* _What this task involves_: When you repeat the listing below, keep every word exactly and leave out each picture.

(Supplied material Opens)

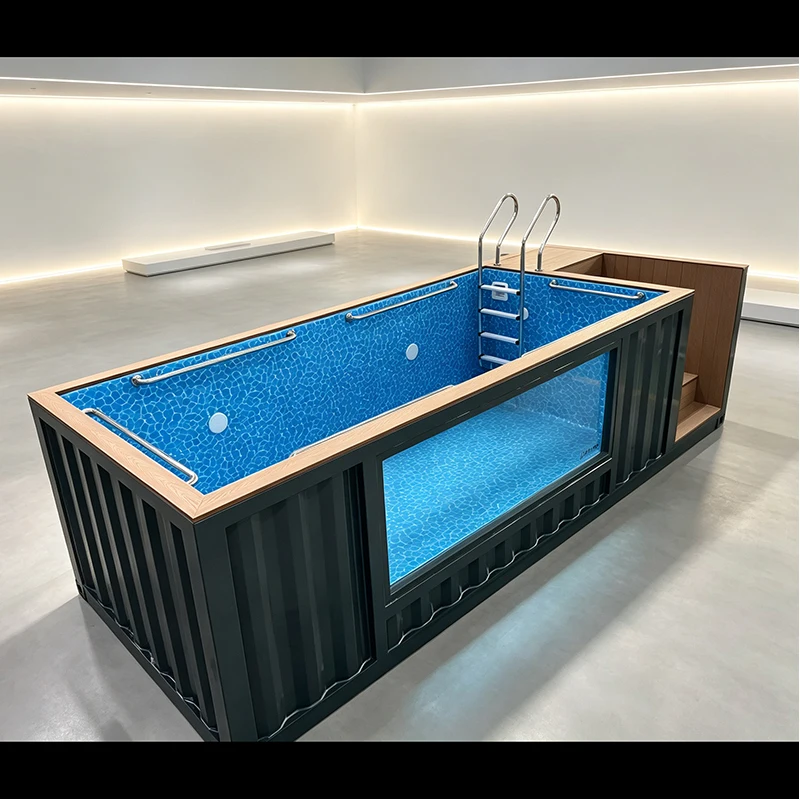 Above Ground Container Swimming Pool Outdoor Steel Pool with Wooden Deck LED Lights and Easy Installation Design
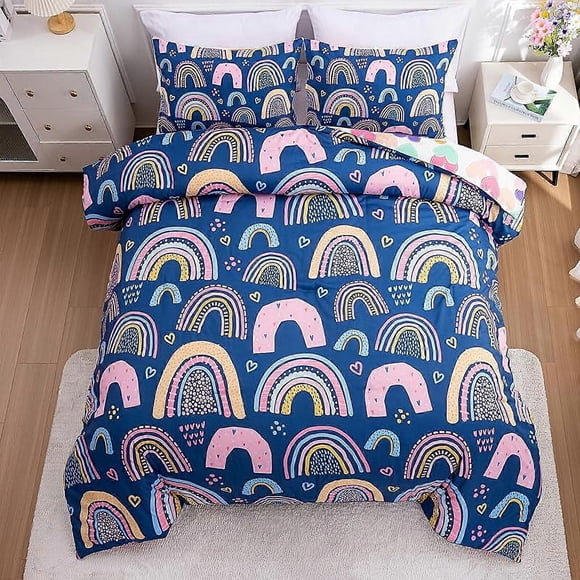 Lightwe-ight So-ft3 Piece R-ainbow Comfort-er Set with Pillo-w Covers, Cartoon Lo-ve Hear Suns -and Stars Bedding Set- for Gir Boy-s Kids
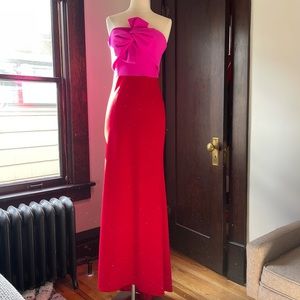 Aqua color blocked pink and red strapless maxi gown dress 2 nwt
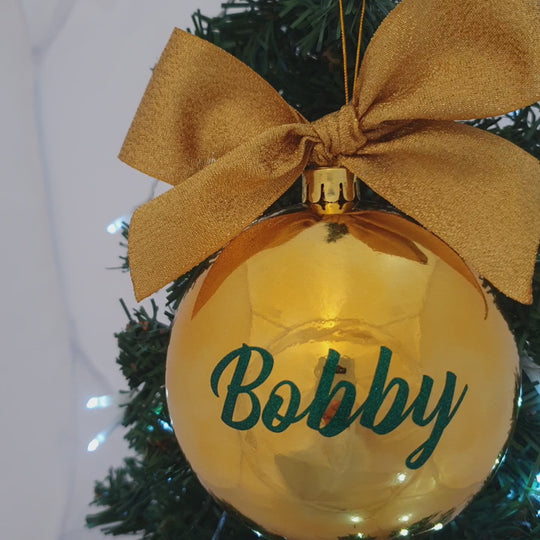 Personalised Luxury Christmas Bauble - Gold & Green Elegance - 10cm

(Supplied material Closes)

* _Exercise output_:
 Above Ground Container Swimming Pool Outdoor Steel Pool with Wooden Deck LED Lights and Easy Installation Design
 Lightwe-ight So-ft3 Piece R-ainbow Comfort-er Set with Pillo-w Covers, Cartoon Lo-ve Hear Suns -and Stars Bedding Set- for Gir Boy-s Kids
 Aqua color blocked pink and red strapless maxi gown dress 2 nwt
 Personalised Luxury Christmas Bauble - Gold & Green Elegance - 10cm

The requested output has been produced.